Another major influence on the UK constitution was, the EU Communities Act 1972 which impacted the way in which laws were made, particularly using secondary legislation but also permitting the ECJ/CJEU to intervene in broad areas of law, related to the implementation of Directives and Regulations. The UK’s accession to the Lisbon Treaty with an effective date of 1 Dec 2009 also meant the UK adopted the EU’s Charter of Fundamental Rights and allowed the CJEU to act in cases where the CFR was engaged. The other constitutional impact was the introduction of elections for the European Parliament, the extension of suffrage and the eventual mandatory implementation of proportional representation.

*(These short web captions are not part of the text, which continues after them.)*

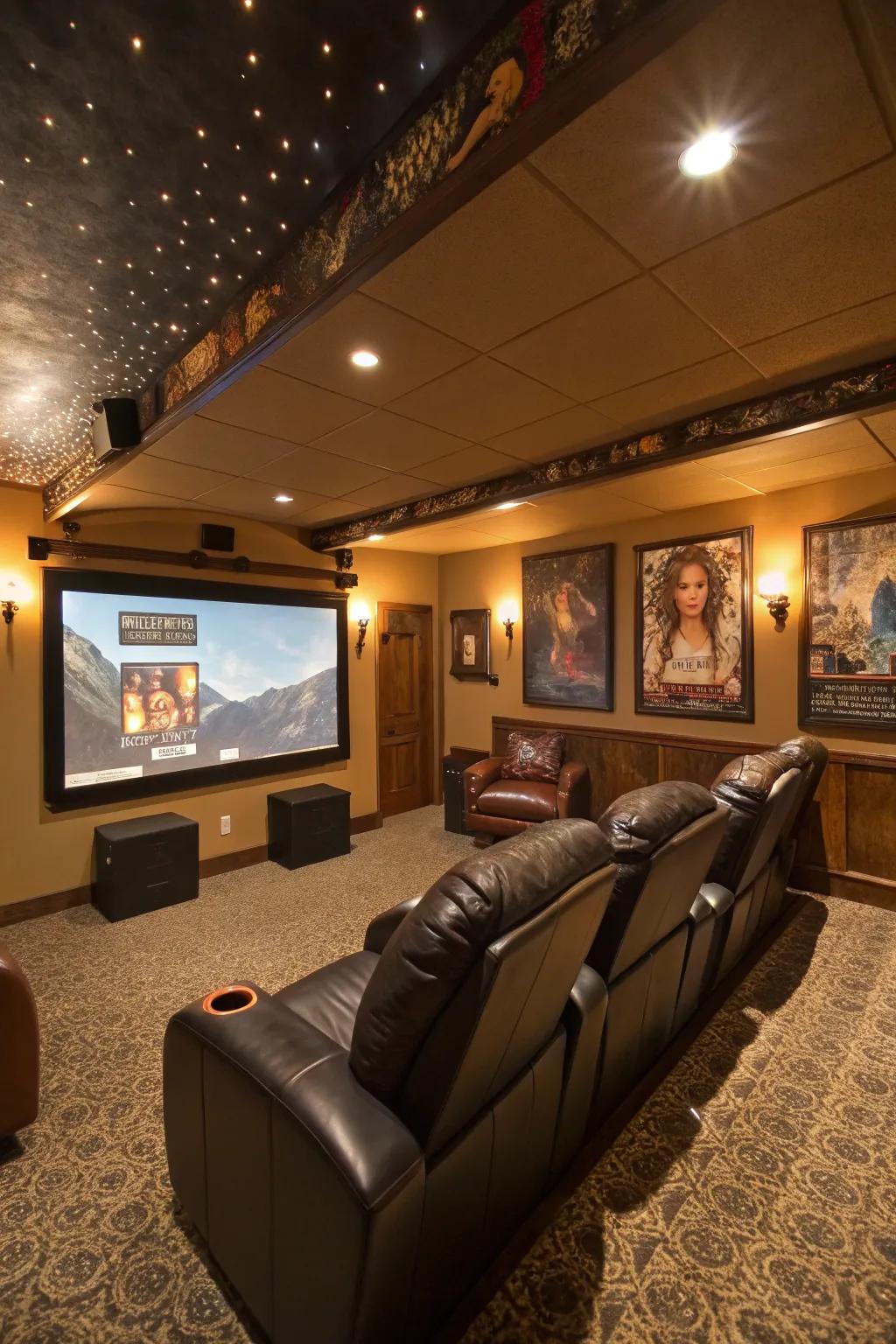 Experience movie magic with a home theater man cave.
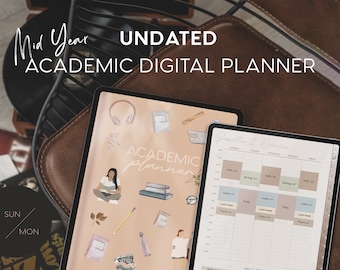 Undated Weekly Student Digital Planner Mid Year Aesthetic Academic Planner Neutral Hyperlinked iPad Goodnotes Template Notability Stickers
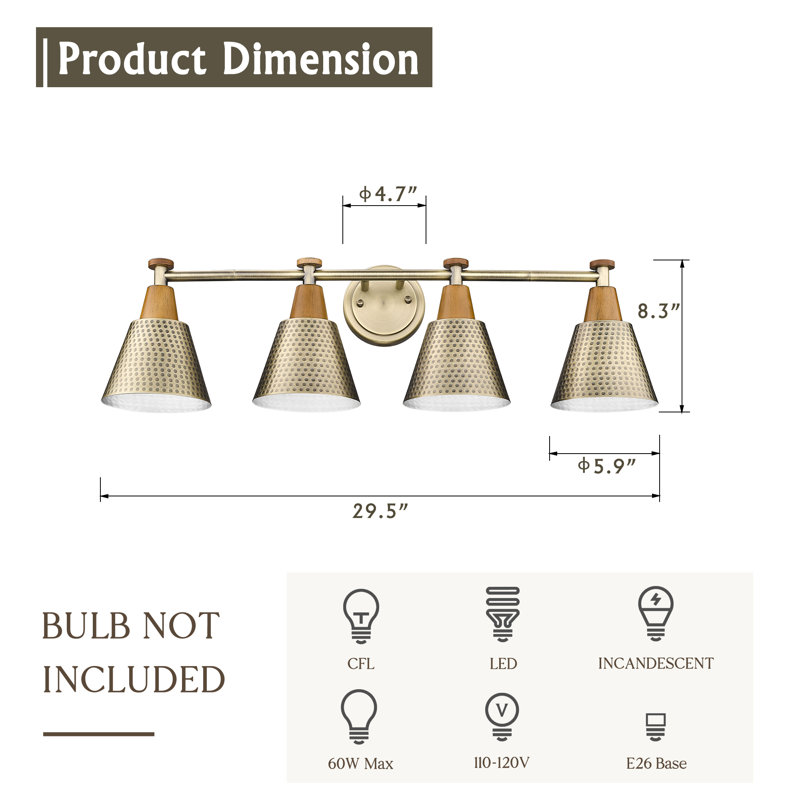 4 - Light Dimmable Vanity Light, Brass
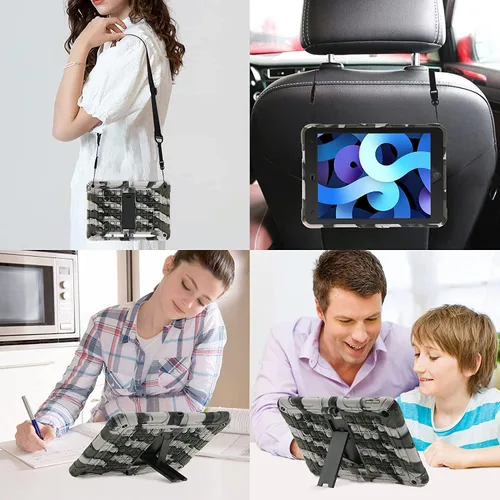 Vista 6 de XZC Funda para iPad de 9ª/8ª/7ª generación (funda para iPad 10.2 2021/2020/2019) a prueba de golpes con protección contra caídas para iPad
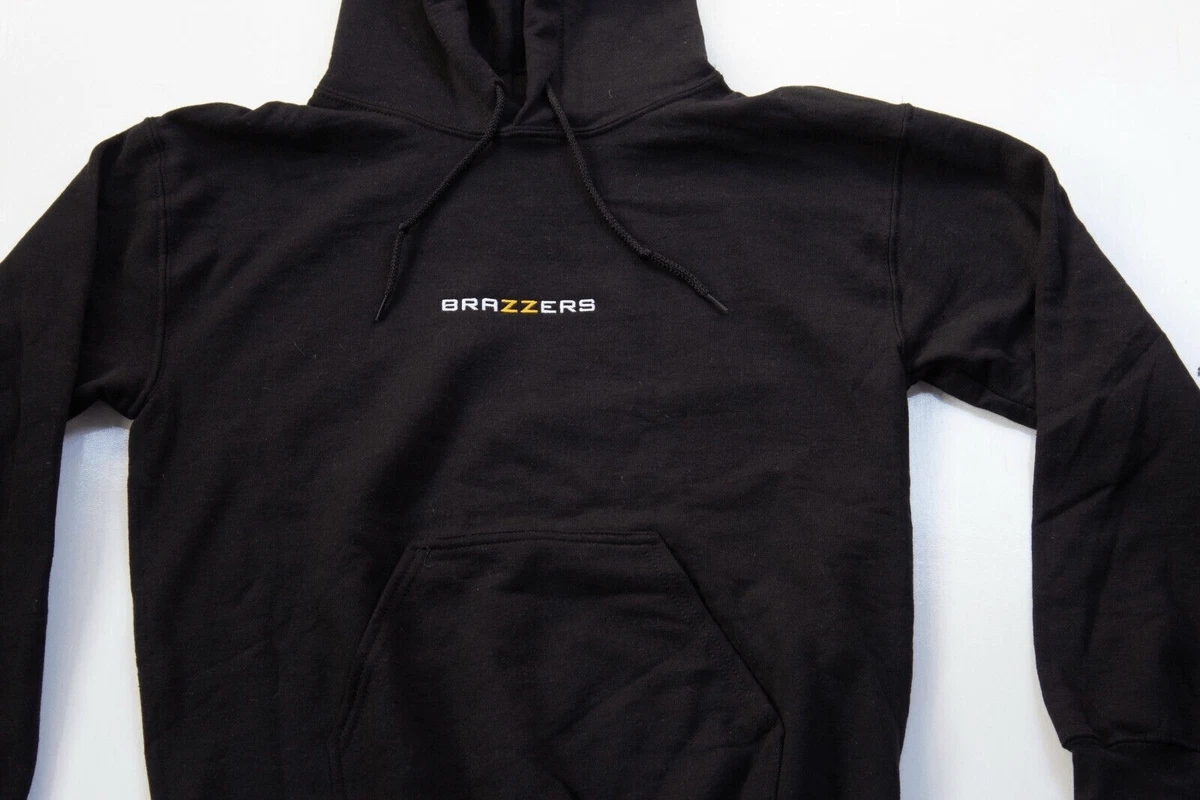 Rare Original Brazzers XXX Adult Film Porn Embroidered Black Sweatshirt Hoodie S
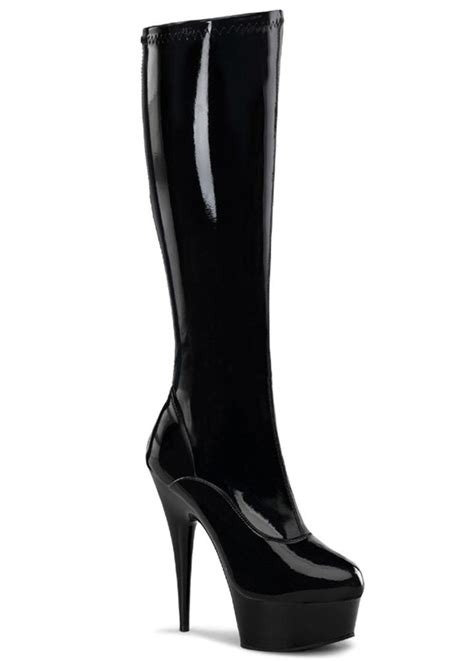 Pleaser Delight 2000 Patent Knee High Boot Attitude Clothing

The Blair government introduced the Human Rights Act (HRA) and significant and important internal constitutional reforms inc. Scottish and Welsh devolution statutes and the reintroduction of London-wide local government.  The HRA made the European Convention on Human Rights part of the British common law corpus but subordinate to statute law. Since then, the UK hasn’t done so badly at the ECtHR; I wrote about it here , despite the constant braying of the Tory qualified but legally illiterate backwoodsmen. The House of Lords judicial committee latterly the Supreme Court cannot strike down legislation but can declare it incompatible with the ECHR.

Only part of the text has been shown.